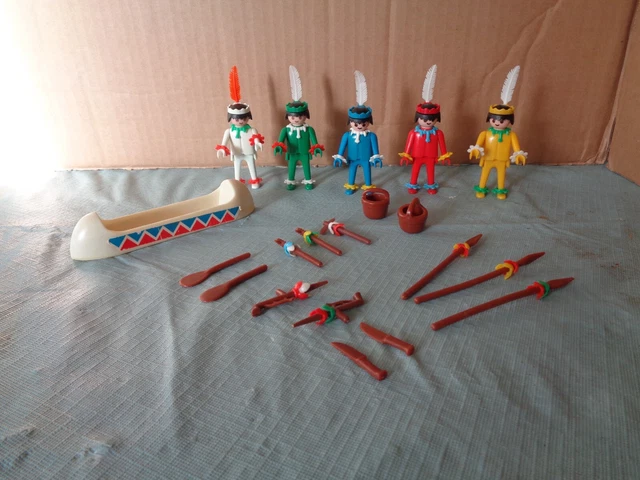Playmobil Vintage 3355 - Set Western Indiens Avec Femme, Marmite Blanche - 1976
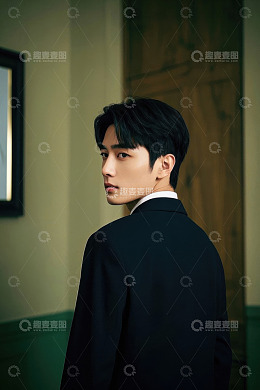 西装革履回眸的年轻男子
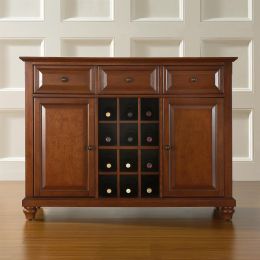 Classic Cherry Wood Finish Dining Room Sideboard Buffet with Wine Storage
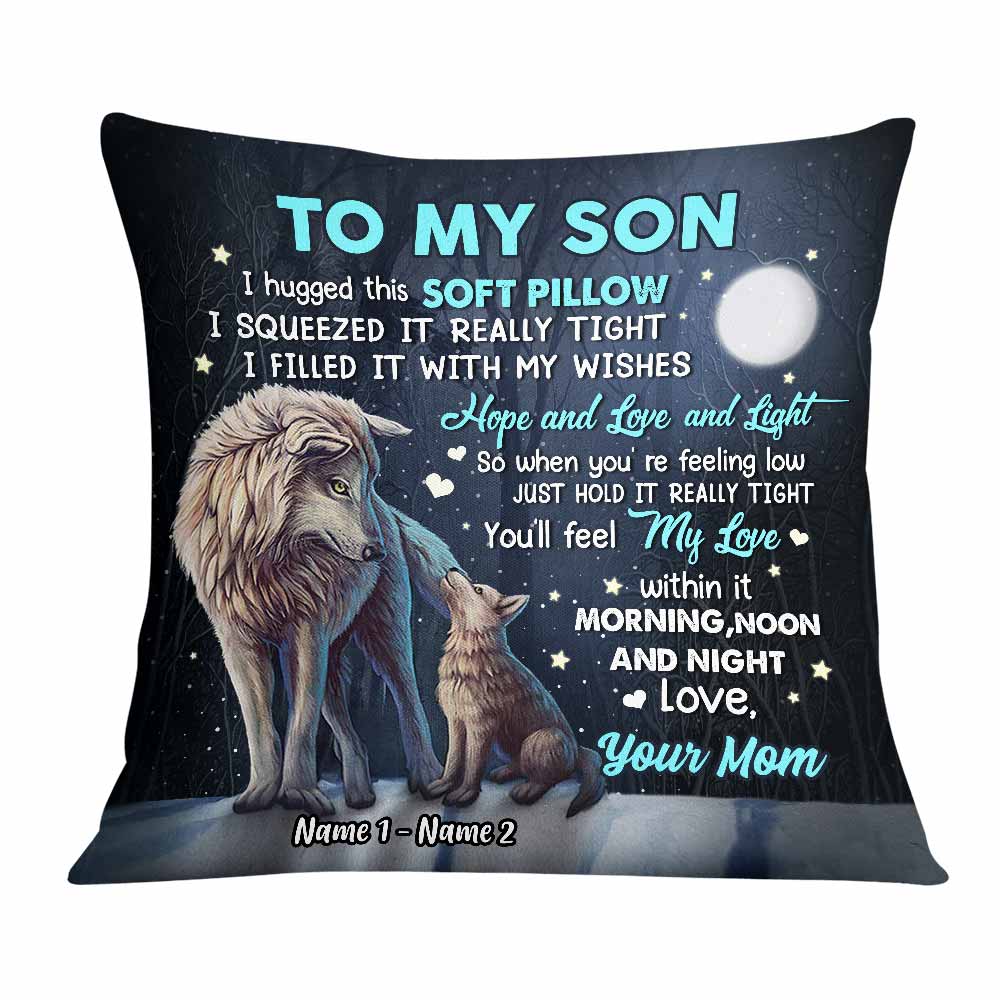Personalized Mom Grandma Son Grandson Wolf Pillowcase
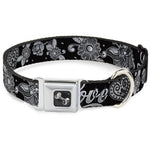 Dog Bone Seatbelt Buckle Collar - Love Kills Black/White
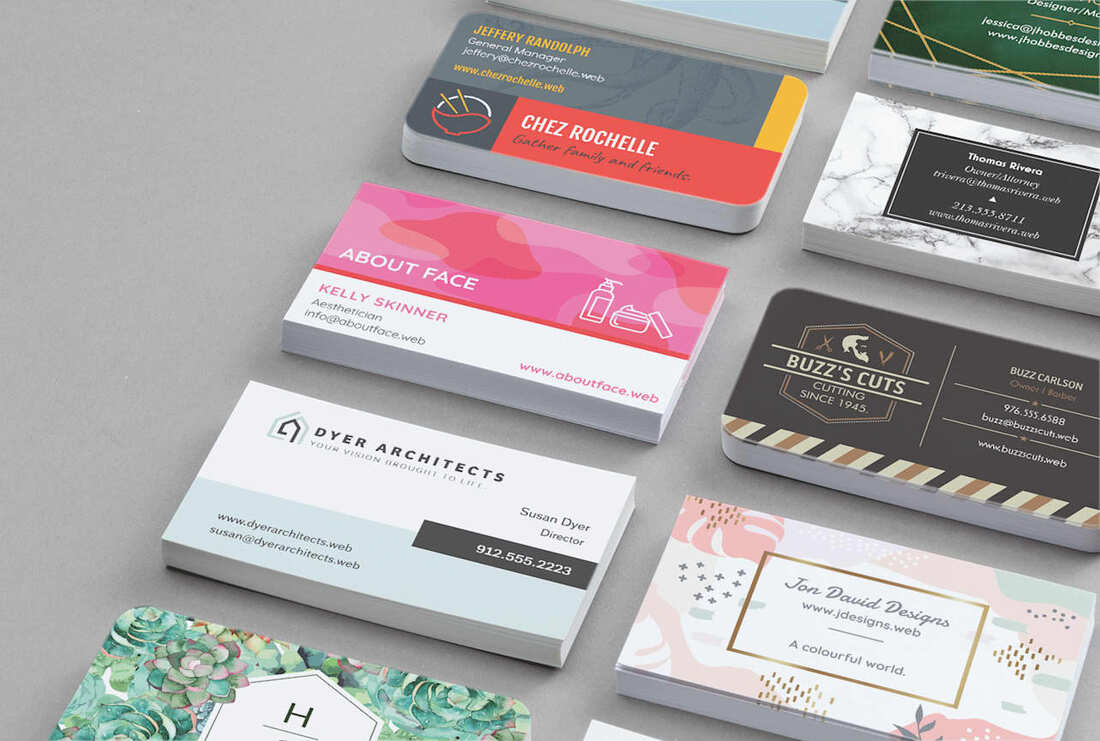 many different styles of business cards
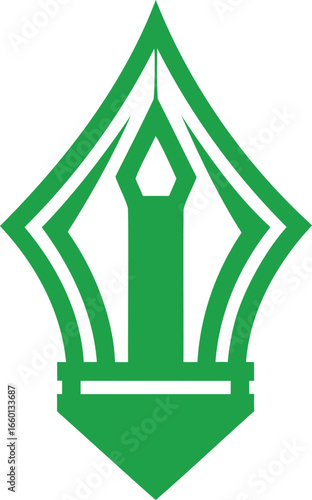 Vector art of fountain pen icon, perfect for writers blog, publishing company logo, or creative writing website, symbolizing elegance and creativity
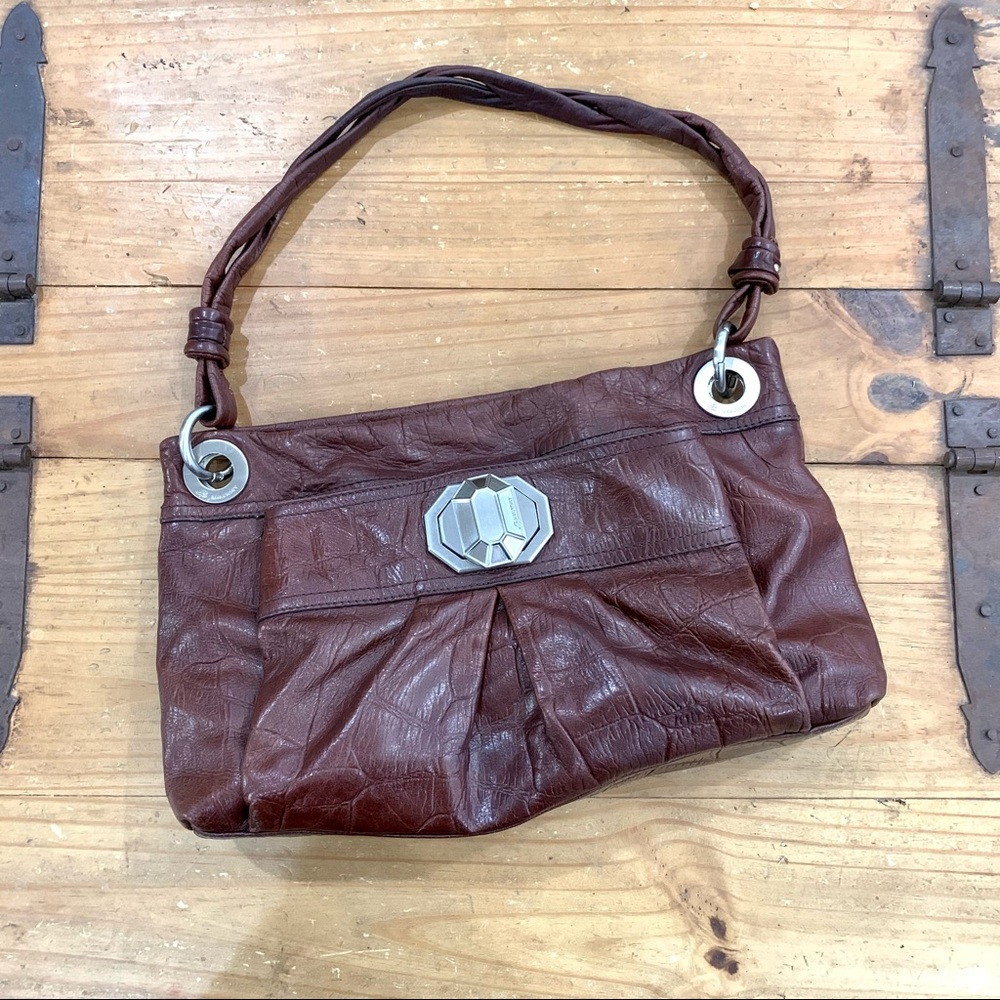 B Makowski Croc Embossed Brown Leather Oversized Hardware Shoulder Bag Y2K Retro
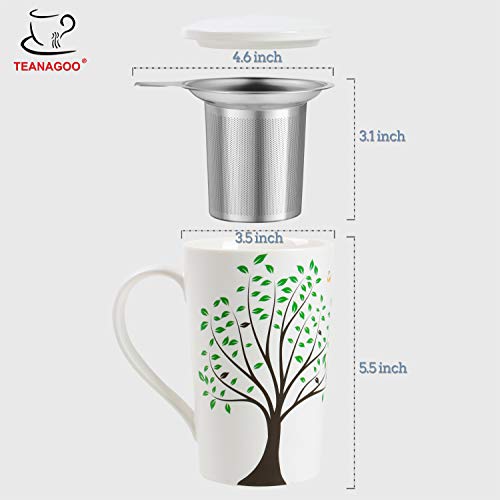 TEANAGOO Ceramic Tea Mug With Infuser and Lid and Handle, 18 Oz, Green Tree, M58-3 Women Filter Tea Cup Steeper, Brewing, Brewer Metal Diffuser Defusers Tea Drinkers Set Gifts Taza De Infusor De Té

========================================================================

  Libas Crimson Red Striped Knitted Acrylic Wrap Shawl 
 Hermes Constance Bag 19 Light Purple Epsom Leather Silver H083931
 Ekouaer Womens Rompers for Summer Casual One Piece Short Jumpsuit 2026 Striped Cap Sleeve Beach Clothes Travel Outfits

========================================================================

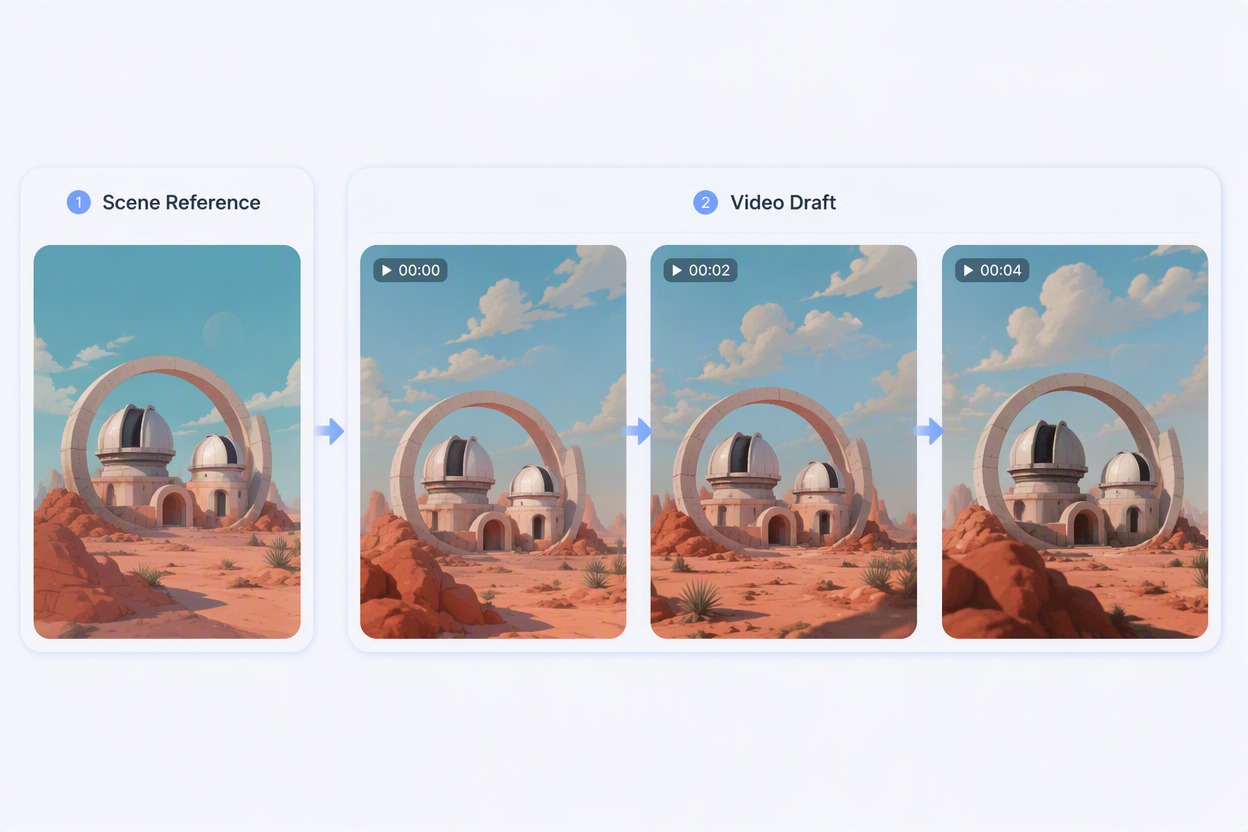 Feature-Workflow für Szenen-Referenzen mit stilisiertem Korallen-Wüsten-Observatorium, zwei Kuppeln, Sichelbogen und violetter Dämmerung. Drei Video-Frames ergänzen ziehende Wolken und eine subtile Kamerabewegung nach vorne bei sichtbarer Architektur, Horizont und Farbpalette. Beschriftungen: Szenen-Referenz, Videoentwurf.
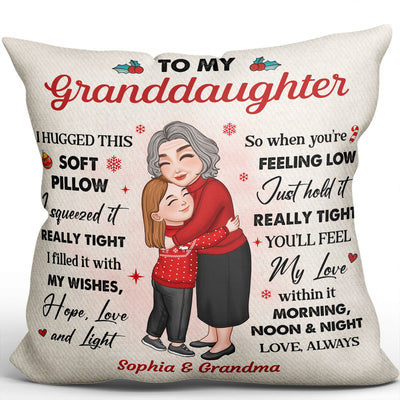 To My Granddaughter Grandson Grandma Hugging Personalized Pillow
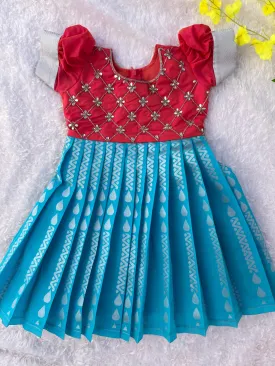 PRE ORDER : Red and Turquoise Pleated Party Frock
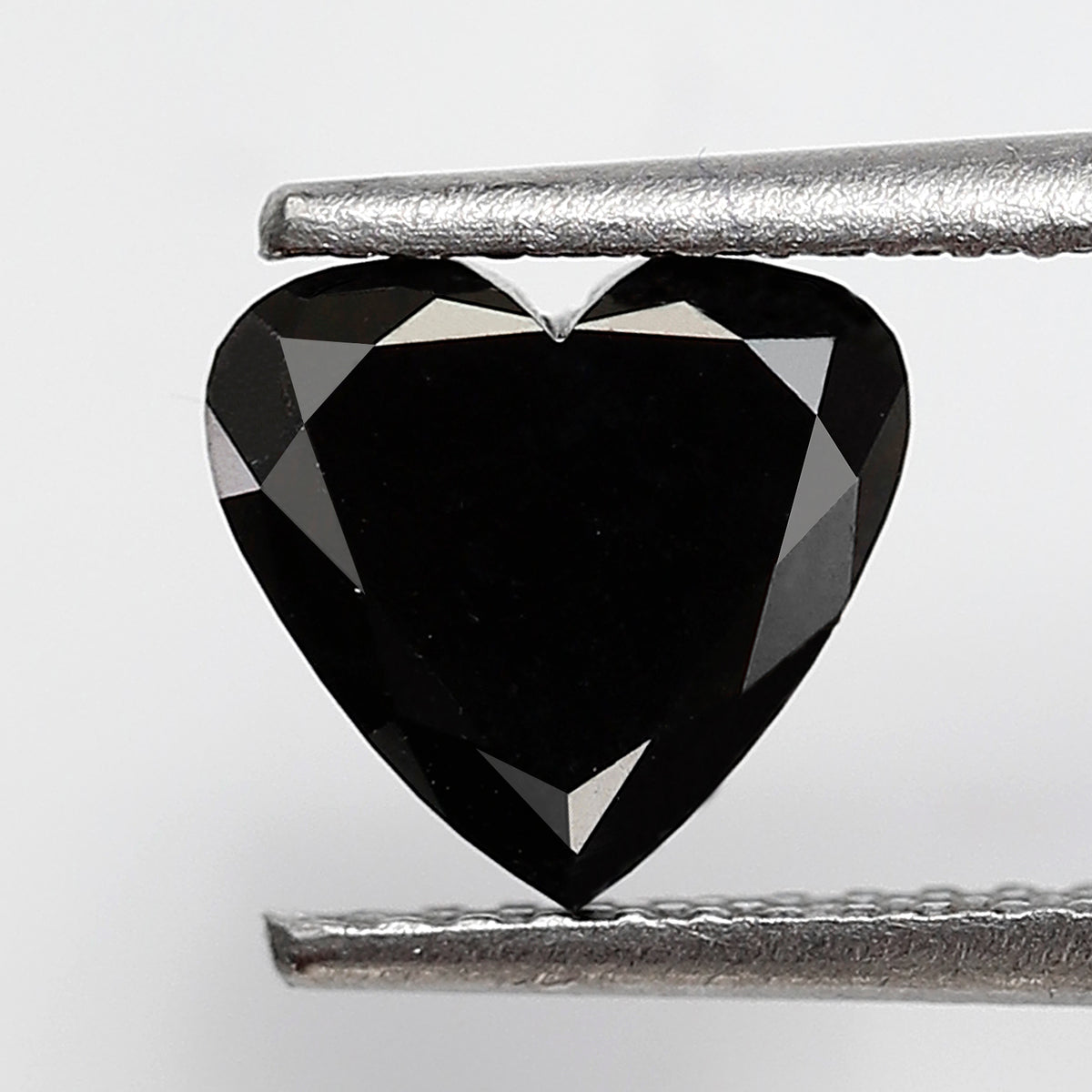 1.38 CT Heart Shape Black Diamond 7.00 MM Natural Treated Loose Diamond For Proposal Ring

========================================================================

● Problem to solve:
Begin at the line in the entries above that has "B Makowski Croc", stop after the line that has "TEANAGOO Ceramic Tea", and output exactly those lines without pictures.

● Solution for this problem:
 B Makowski Croc Embossed Brown Leather Oversized Hardware Shoulder Bag Y2K Retro
 TEANAGOO Ceramic Tea Mug With Infuser and Lid and Handle, 18 Oz, Green Tree, M58-3 Women Filter Tea Cup Steeper, Brewing, Brewer Metal Diffuser Defusers Tea Drinkers Set Gifts Taza De Infusor De Té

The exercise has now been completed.